• _Short text fragments from websites_
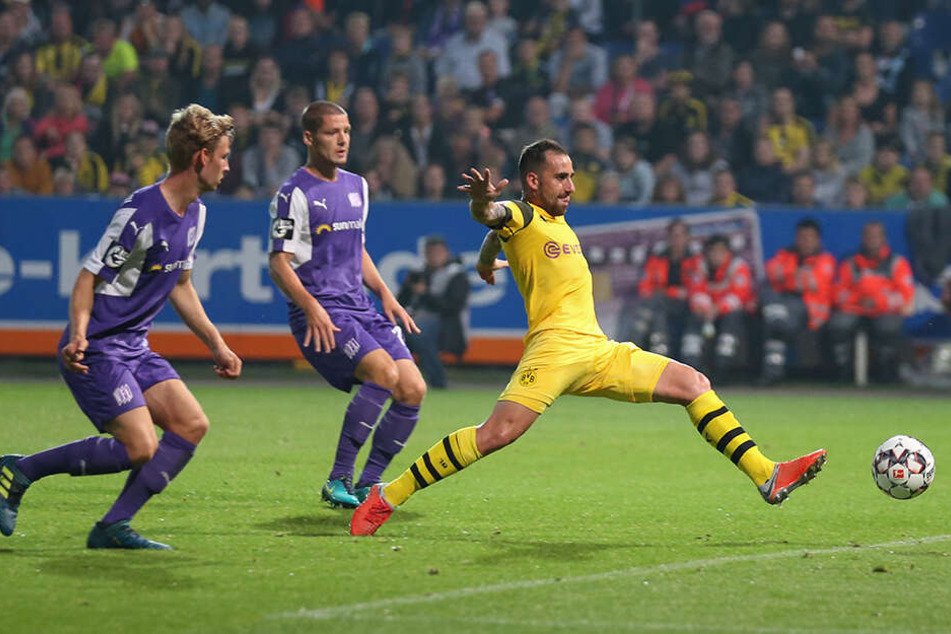 Trifft beim BVB ohne Ende: Paco Alcacer (r.).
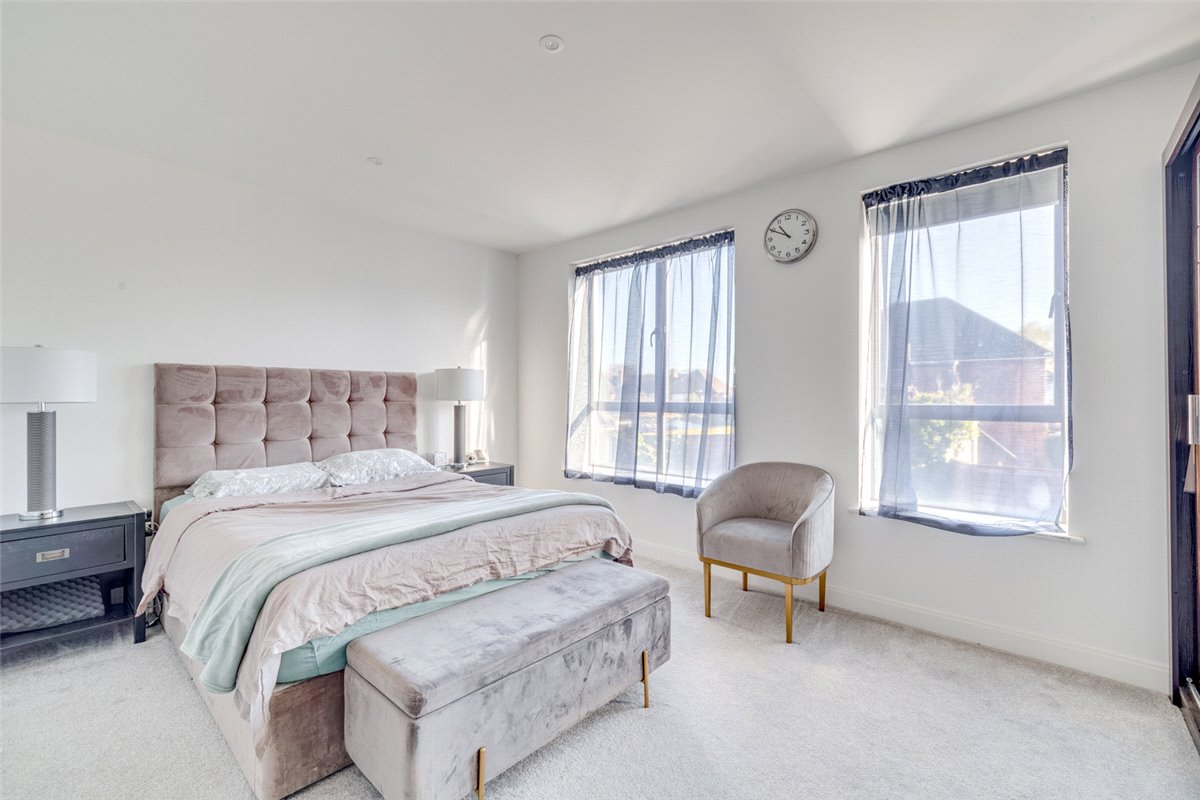 3 bedroom House, Harlow Gardens, Kingston upon Thames, KT1 - , Image 4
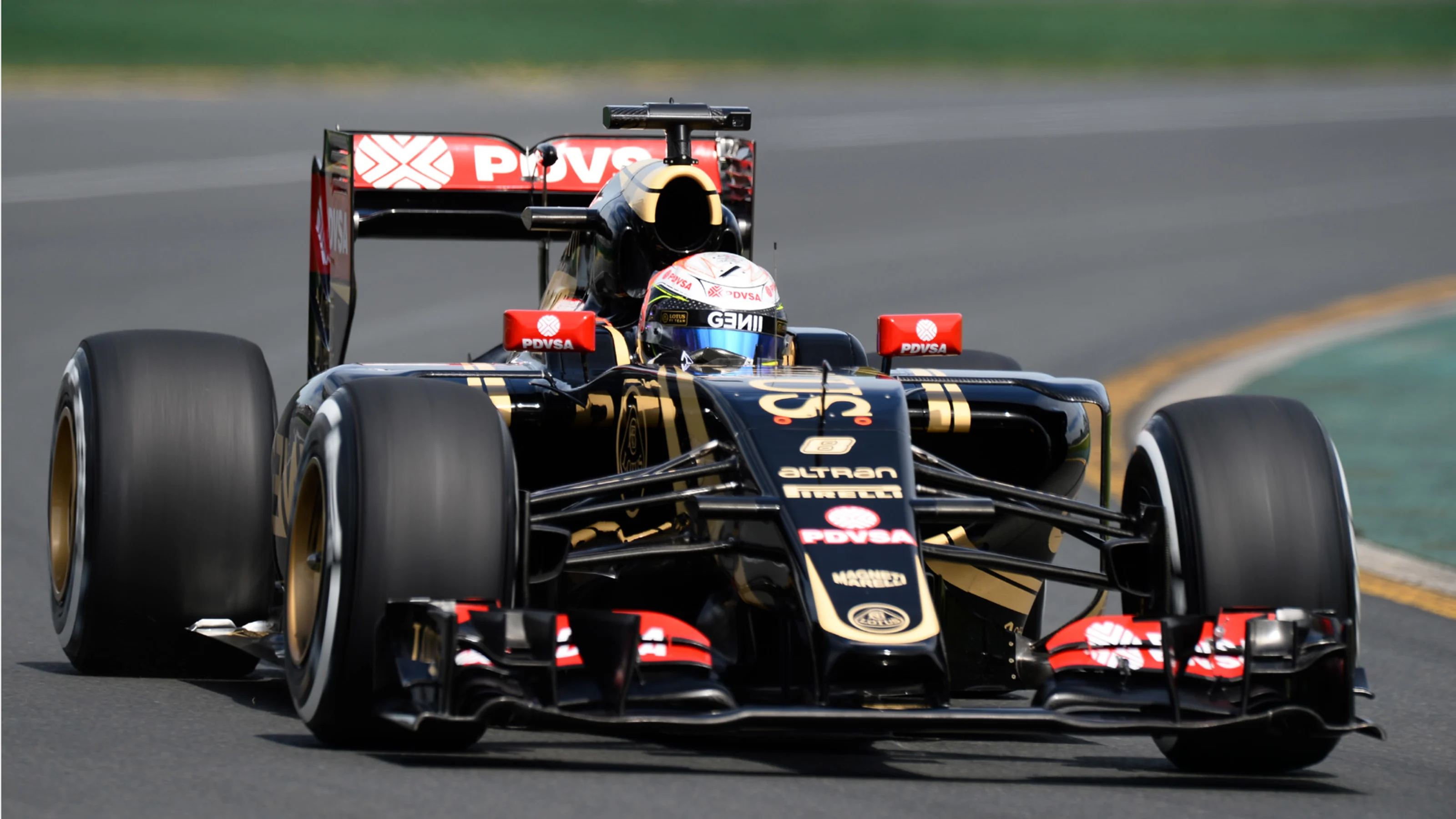 Pastor Maldonado (VEN) Lotus E23 Hybrid at Formula One World Championship, Rd1, Australian Grand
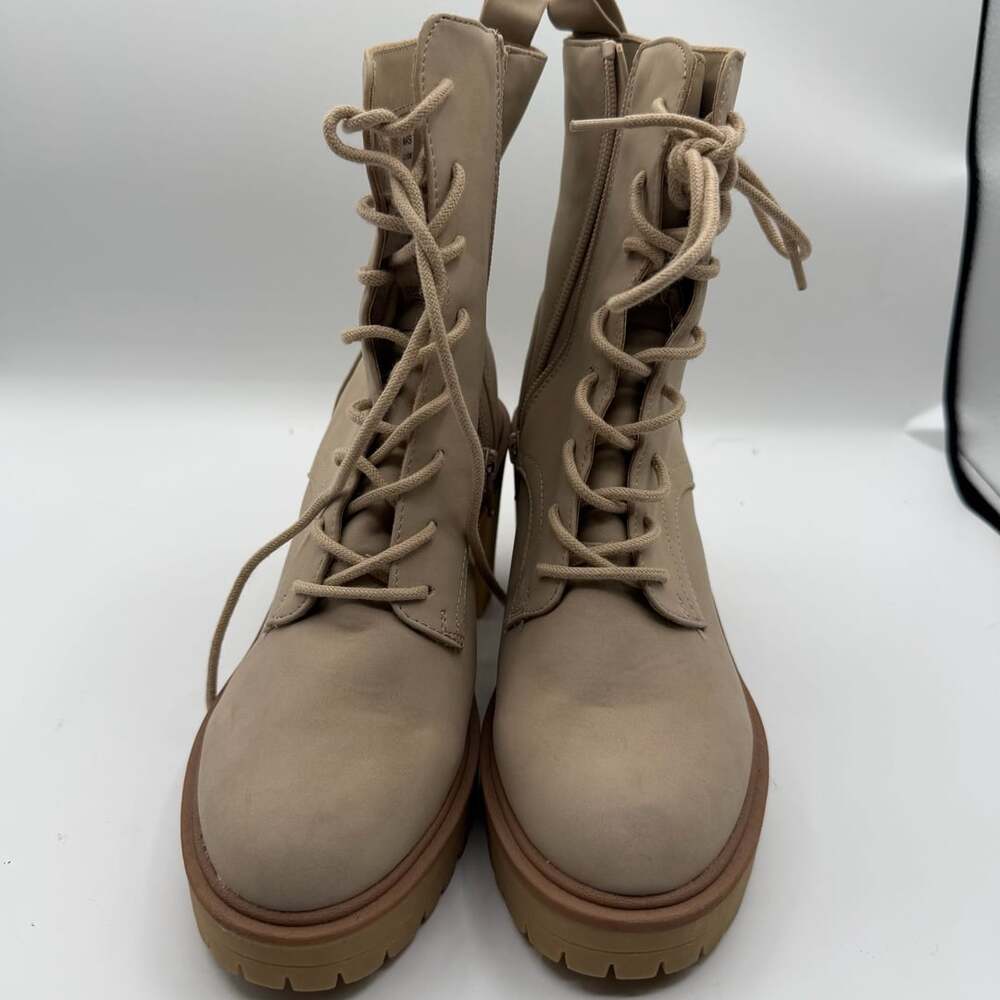 DV Dolce Vita Jaycob Lace-Up Platform Lug Booties Size 7.5 Beige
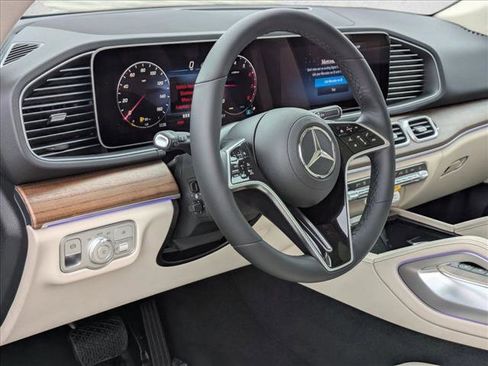 New 2026 Mercedes-Benz GLE 450 4MATIC image 3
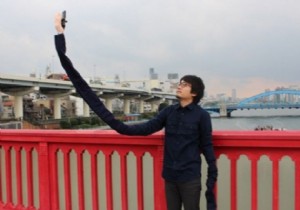 İşte Selfie Çubuğu Yerine  Selfie Kolu  Geliyor!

• _Assigned task_
Your task is to retype, exactly and only, the lines from the line holding "Pastor Maldonado (VEN)" through the final line of the data above, with both ends kept. Drop the pictures.

• _Answer below_
 Pastor Maldonado (VEN) Lotus E23 Hybrid at Formula One World Championship, Rd1, Australian Grand
 DV Dolce Vita Jaycob Lace-Up Platform Lug Booties Size 7.5 Beige
 New 2026 Mercedes-Benz GLE 450 4MATIC image 3
 İşte Selfie Çubuğu Yerine  Selfie Kolu  Geliyor!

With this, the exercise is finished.